Это было чудо. Земная материя соприкоснулась с таинственным духом, который слетел на воду. Материальные частицы, молекулы воздуха и воды приобрели таинственное мерцание. Преобразились в волшебный волновод между небом и землей, по которому изливались на землю светоносные энергии. Мать оказалась в потоке этих энергий. Так в полях возникает радуга. Сквозь ее невесомый спектр видны далекие леса и стога, вьющиеся дороги и колокольни. Весь видимый мир преображен возникшим сиянием, одухотворен несказанным чудом.
— Ты даровал еси нам свыше паки рождение водою и духом. Явися, Господи, на водей сей, и даждь претворится в ней крещаемому…
Отец Петр окунул пригоршню в таз, зачерпнул воды и пронес отекающую каплями руку к матери. Полил ей на голову. Она вздрогнула, вода потекла по ее лбу, морщинам, упала на блузку, и казалось, мать плачет. Но не слезами горести, а слезами умиления, будто узрела нечто родное, чудное, полное любви. Сарафанов поразился случившемуся вокруг преображению. Светящийся воздух, как из прожектора, поднимался из алюминиевого таза. Уходил ввысь и там раскрывался необъятным шатром, захватывая в себя Мироздание, в котором реяли планеты и звезды, вращались галактики и зажигались бессчетные солнца, обитали могущественные творящие духи. Казалось, сквозь золотистый световод сюда, в материнскую светелку, заглянул Бог.

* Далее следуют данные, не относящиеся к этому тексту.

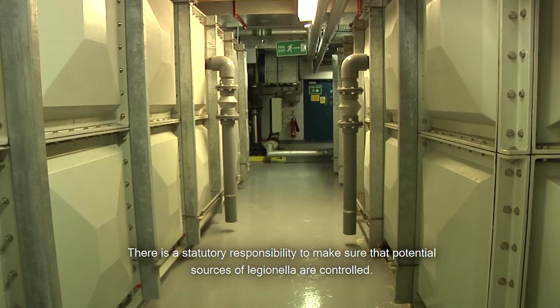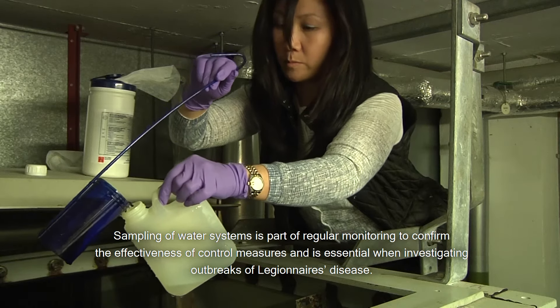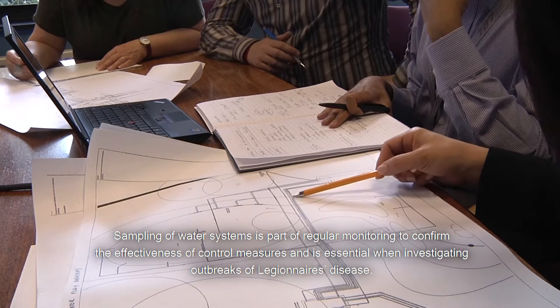There is a statutory responsibility to make sure that potential sources of Legionella are controlled. Sampling of water systems is part of regular monitoring to confirm the effectiveness of control measures and is essential when investigating outbreaks of Legionnaires disease.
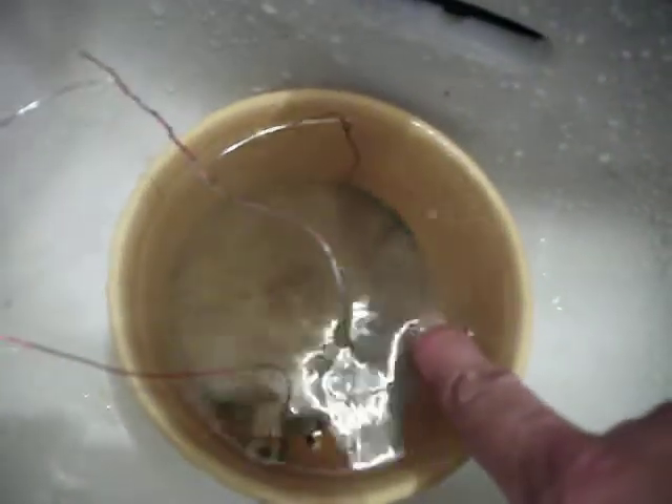One, one, two. One. I'll get amp readings to you as soon as I can.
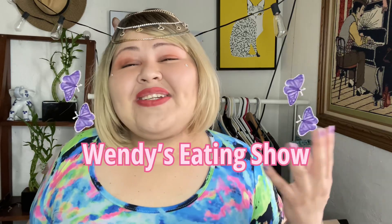Hey guys, it's Wendy from Wendy's Eating Show and today we're gonna make pizza bagels. Me and Christopher are starving and this is one of our favorite easy peasy lemon squeezy food to make. It's so easy — let me show you.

Утешал их всех. Приобщал к бесконечному благодатному миру, где нету смерти, а есть переход из одной жизни в другую.
Священник раскрыл один из своих маслянистых флакончиков. Макнул малой кисточкой. Стал бережно, как иконописец, прикасаться кистью к материнскому лбу, приговаривая:
— Помазуется раба Божия Анна елеем радования, во имя Отца, и Сына, и Святаго Духа…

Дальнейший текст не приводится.